Inspirations: Part 1

In the beginning

I starting working in libraries in elementary school. I loved it. I loved the order and organization. I loved that there was always something new to discover, even among the shelves that I thought I had memorized. I worked in the school library in junior high school and then at the community library during high school. I loved helping people find what they were looking for, and sometimes showing them something they didn’t know to look for. I loved the smell and the texture of books: hardcover and leather and softcover had their own distinct combinations. The slickness of illustration pages in encyclopedias, the smooth finish of the paper in new books, and, of course, the feel of the pulps and superhero comic books.

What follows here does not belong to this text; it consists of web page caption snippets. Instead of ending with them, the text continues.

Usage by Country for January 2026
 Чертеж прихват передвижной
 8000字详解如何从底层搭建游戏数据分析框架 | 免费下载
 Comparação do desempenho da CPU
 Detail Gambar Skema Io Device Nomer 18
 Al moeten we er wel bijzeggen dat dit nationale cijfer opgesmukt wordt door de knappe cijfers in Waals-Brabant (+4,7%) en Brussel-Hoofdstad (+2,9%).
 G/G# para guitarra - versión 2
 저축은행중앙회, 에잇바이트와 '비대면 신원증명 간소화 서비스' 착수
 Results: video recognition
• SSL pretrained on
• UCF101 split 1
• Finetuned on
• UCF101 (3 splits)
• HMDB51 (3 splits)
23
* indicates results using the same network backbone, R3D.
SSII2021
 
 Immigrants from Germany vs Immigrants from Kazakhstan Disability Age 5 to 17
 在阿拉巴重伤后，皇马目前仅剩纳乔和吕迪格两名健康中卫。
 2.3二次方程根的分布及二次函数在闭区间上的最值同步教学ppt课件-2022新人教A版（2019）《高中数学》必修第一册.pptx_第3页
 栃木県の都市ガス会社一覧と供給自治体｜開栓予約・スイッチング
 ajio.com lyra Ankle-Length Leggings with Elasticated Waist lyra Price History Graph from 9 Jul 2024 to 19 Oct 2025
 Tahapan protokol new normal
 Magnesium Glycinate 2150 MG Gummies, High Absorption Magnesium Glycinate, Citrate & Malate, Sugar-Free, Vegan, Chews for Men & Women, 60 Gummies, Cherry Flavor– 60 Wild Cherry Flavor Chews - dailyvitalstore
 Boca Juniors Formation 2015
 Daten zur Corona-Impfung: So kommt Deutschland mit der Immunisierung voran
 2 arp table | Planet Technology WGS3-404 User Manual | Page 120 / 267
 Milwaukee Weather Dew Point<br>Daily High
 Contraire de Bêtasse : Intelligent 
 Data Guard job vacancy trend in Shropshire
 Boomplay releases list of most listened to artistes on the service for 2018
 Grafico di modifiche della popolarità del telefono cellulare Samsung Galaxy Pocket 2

To a young man, well before the existence of the World Wide Web and far before Amazon, librarians were alchemists. They combined esoteric formulae (also known as a card catalog and the Dewey decimal system) and apparently limitless familiarity with their esoteric tomes to guide querents in quests for enjoyment or knowledge. The best of them combined the two into an intrinsic whole and opened the path to entirely new experiences.

Yes, that’s a very fanciful description, but that was the magic I felt in libraries. To a large extent, I still do.

Used book stores were buried treasure vaults even when there was time and money to plumb the commercial book stores. Some of my fondest memories of my parents are the times spent exploring library and bookstore aisles, not to mention searching every spinning wire rack that held the most fantastic stories decorated with full-color artwork.

I’m sure that last bit horrified the comic collectors in the audience, but that’s where it all started for me.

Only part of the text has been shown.